Since the listing below shows pictures, leave them out and write out exactly the lines from the line with "Detail Schlafsofa: grauer" to the line with "2024 GAC Trumpchi", both included, and no others.

Data to process:
┌────────
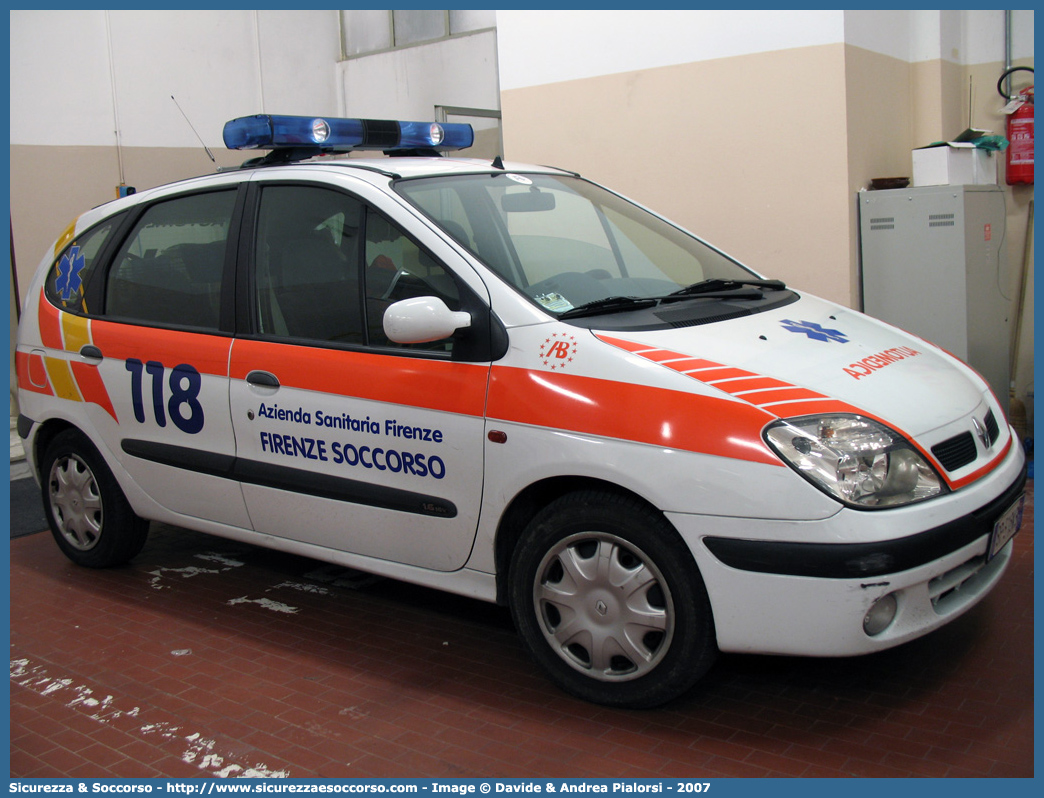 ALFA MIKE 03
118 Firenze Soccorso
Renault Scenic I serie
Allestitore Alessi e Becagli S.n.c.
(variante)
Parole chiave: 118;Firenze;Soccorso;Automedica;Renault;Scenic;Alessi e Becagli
└────────
┌────────
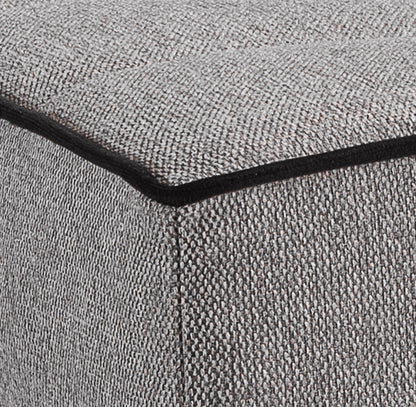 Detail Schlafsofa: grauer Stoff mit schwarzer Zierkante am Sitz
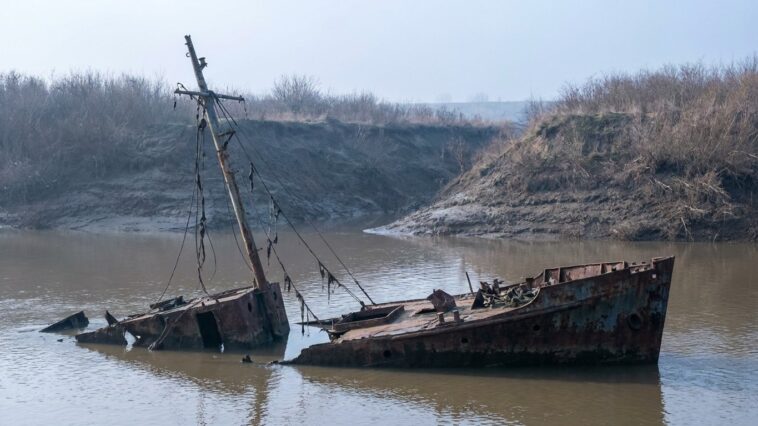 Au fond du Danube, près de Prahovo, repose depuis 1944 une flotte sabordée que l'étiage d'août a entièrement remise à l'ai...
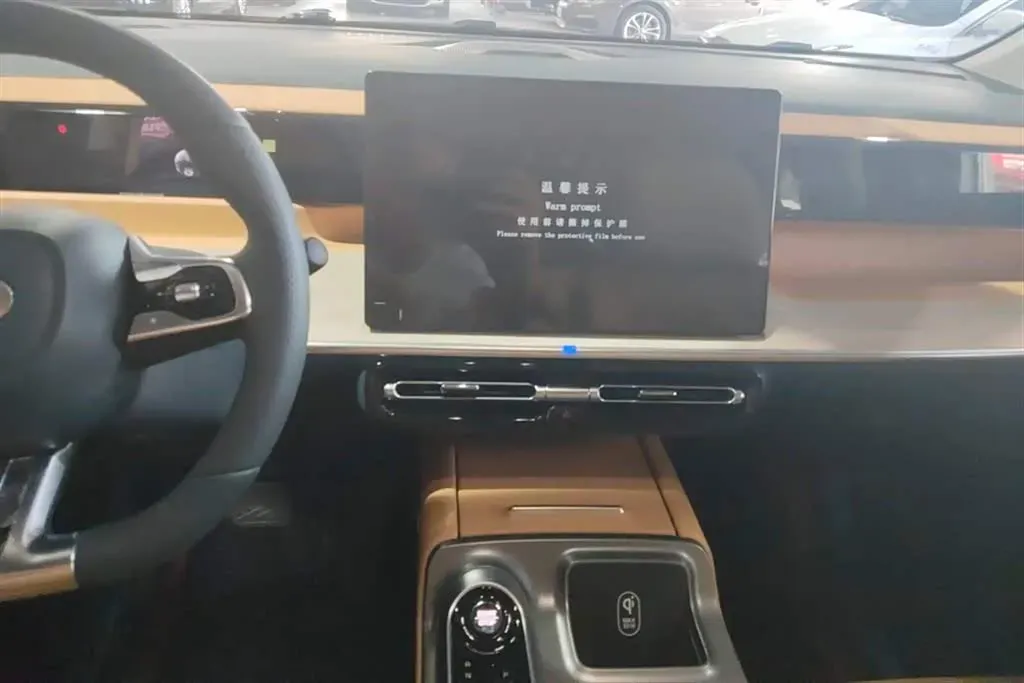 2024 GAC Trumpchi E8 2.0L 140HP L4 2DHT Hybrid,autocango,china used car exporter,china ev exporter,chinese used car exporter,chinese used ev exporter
└────────
┌────────
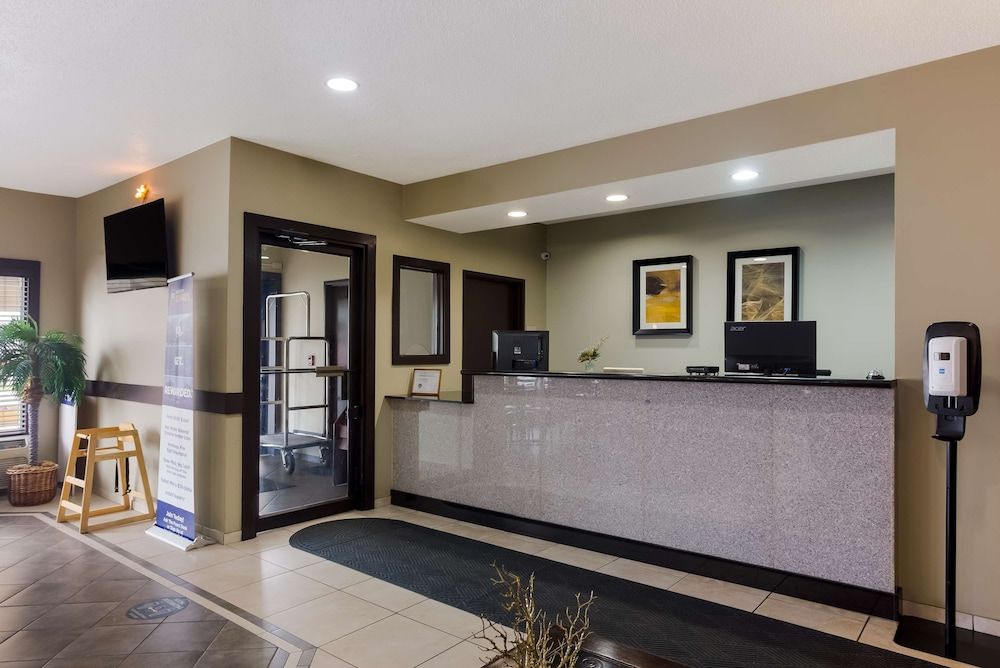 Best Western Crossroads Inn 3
└────────
Answer to this task:
 Detail Schlafsofa: grauer Stoff mit schwarzer Zierkante am Sitz
 Au fond du Danube, près de Prahovo, repose depuis 1944 une flotte sabordée que l'étiage d'août a entièrement remise à l'ai...
 2024 GAC Trumpchi E8 2.0L 140HP L4 2DHT Hybrid,autocango,china used car exporter,china ev exporter,chinese used car exporter,chinese used ev exporter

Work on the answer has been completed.